» YOUR ASSIGNMENT: Transcribe exactly the lines below that begin at the line with "Free NZ Shipping" and stop after the line with "The Garden Brewery", leaving out every picture.

» RECORDS:
◆ ◆ ◆ ◆ ◆ ◆ ◆

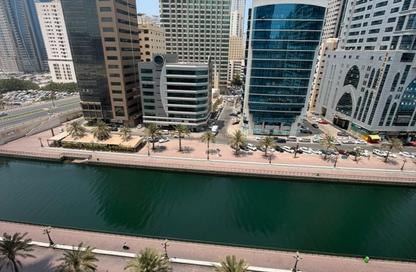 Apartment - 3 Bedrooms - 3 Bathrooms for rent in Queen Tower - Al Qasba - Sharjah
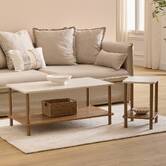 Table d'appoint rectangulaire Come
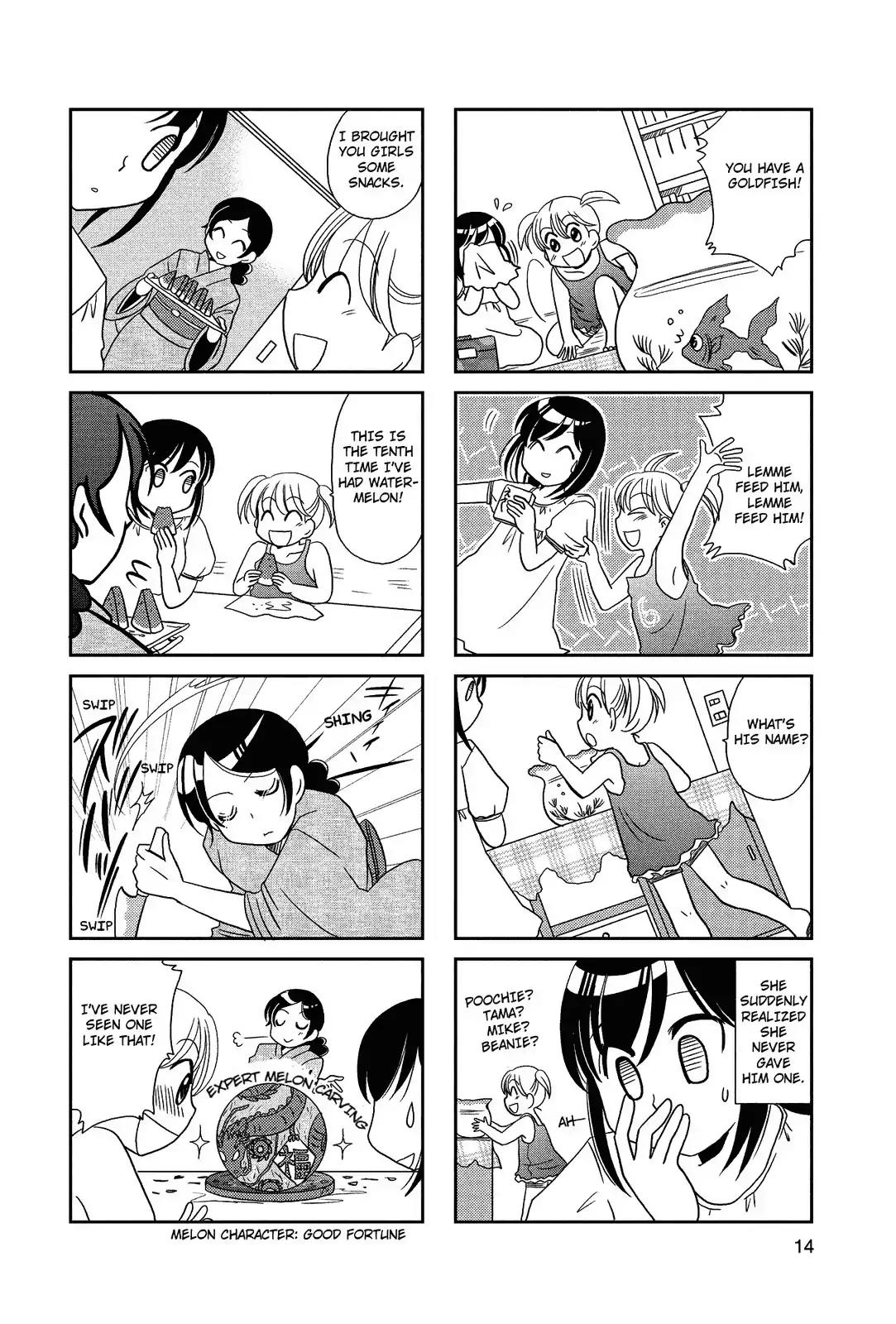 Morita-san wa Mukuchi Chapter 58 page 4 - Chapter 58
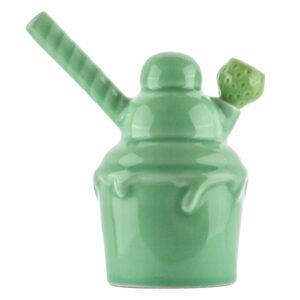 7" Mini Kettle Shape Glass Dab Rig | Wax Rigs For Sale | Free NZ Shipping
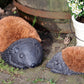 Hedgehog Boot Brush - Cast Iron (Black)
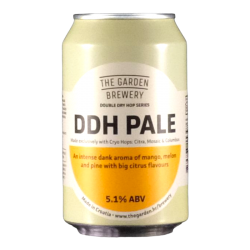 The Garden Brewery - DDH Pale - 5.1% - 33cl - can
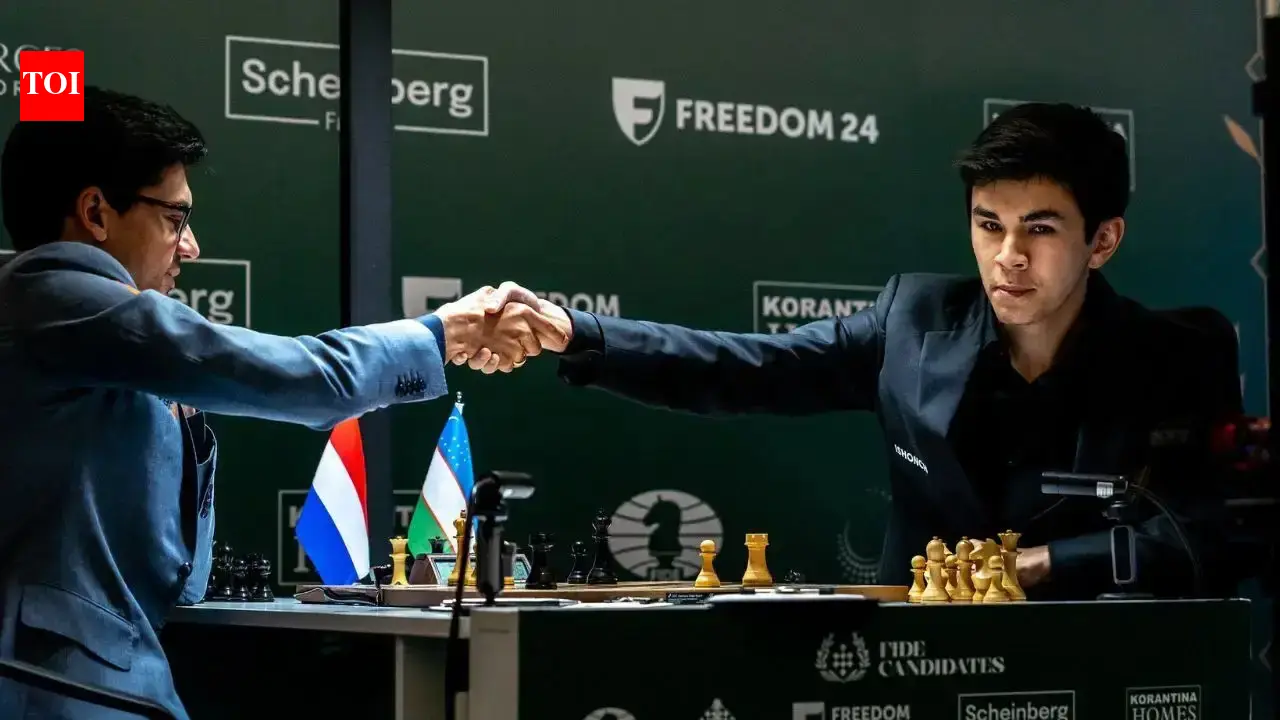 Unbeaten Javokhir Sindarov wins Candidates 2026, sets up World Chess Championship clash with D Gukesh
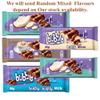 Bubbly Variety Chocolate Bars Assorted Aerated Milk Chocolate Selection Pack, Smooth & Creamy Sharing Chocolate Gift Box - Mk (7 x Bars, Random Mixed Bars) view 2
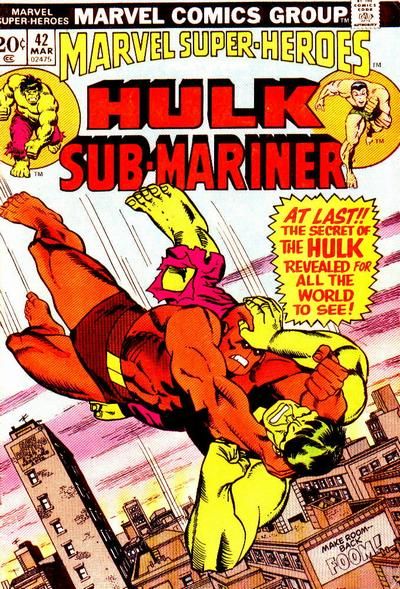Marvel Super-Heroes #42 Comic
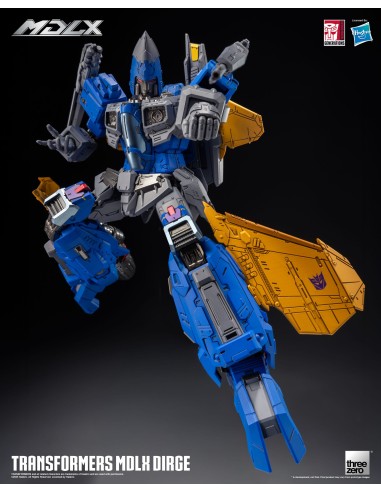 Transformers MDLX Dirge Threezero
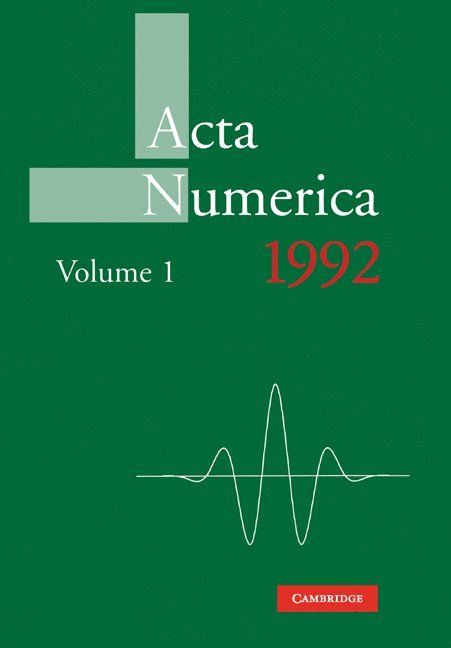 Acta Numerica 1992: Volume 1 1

◆ ◆ ◆ ◆ ◆ ◆ ◆

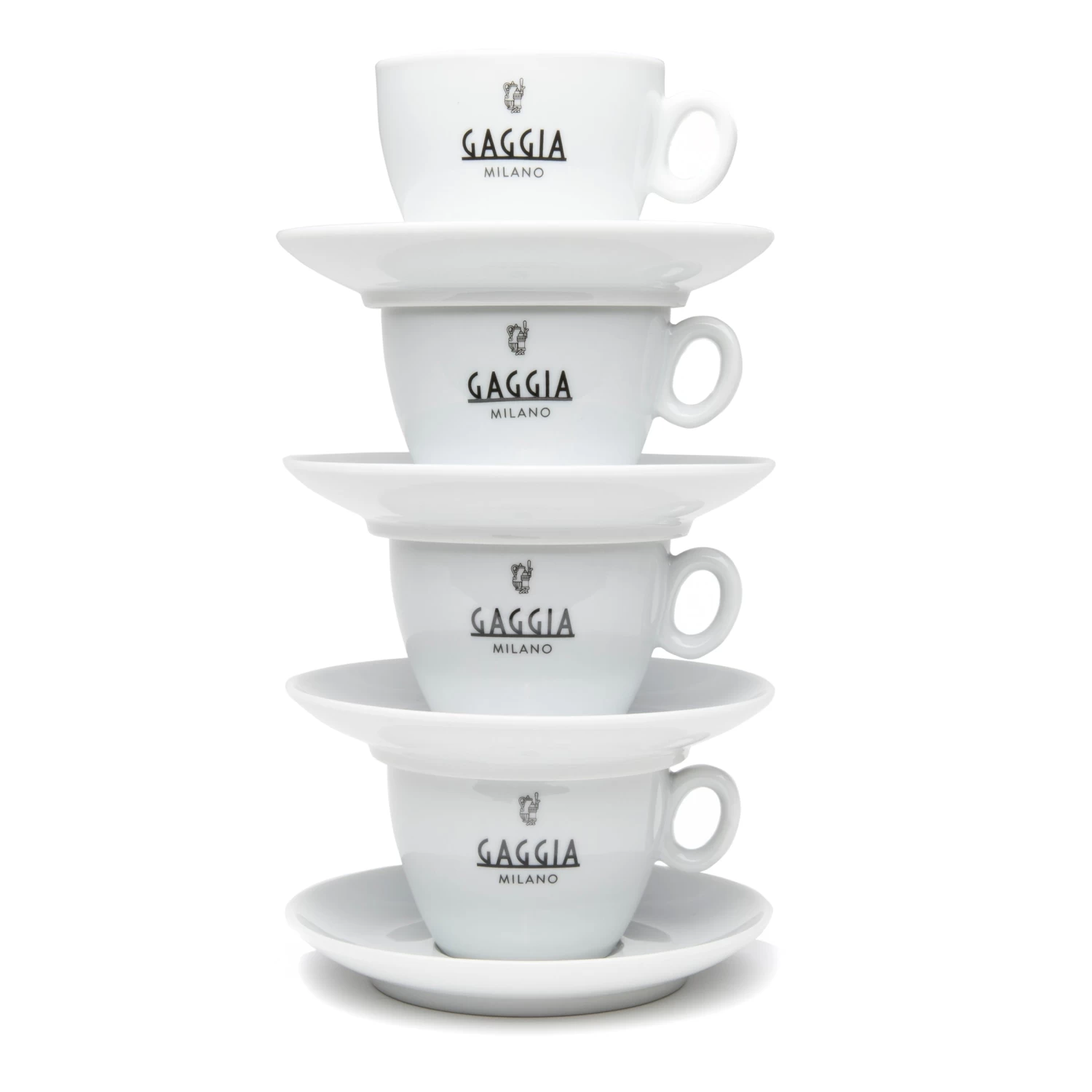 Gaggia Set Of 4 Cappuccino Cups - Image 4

◆ ◆ ◆ ◆ ◆ ◆ ◆

» ANSWER TO THIS TASK:
 7" Mini Kettle Shape Glass Dab Rig | Wax Rigs For Sale | Free NZ Shipping
 Hedgehog Boot Brush - Cast Iron (Black)
 The Garden Brewery - DDH Pale - 5.1% - 33cl - can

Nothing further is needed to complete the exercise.